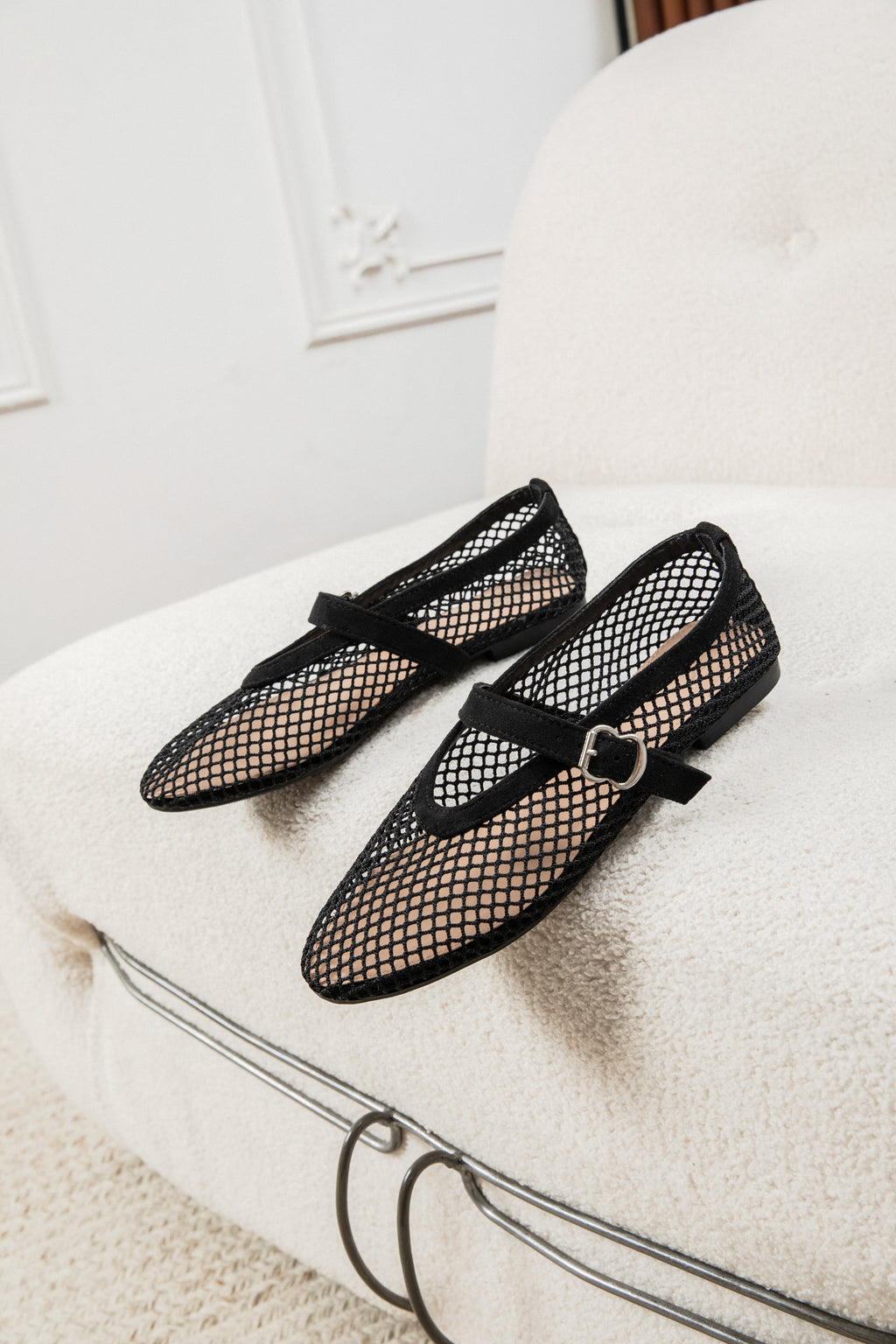 Ballerines Mary Jane en Résille Noire à Bride Ajustable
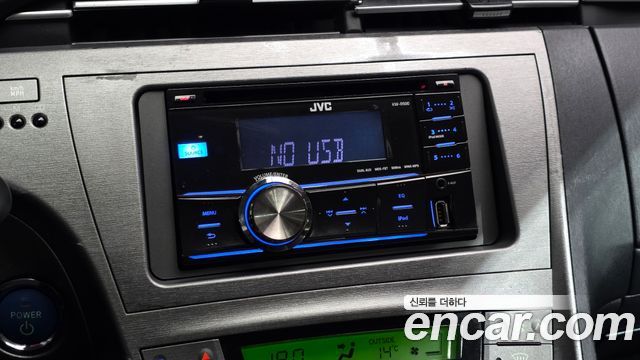 Toyota Prius 2015 — photo 27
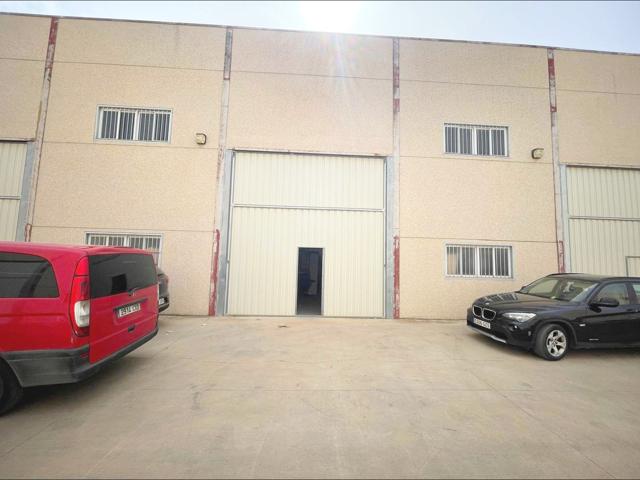VENTA NAVE INDUSTRIAL EN ANTEQUERA photo 0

=======

Each line of the data must be restated exactly, and the pictures must be left out.

Answer section:
 Ballerines Mary Jane en Résille Noire à Bride Ajustable
 Toyota Prius 2015 — photo 27
VENTA NAVE INDUSTRIAL EN ANTEQUERA photo 0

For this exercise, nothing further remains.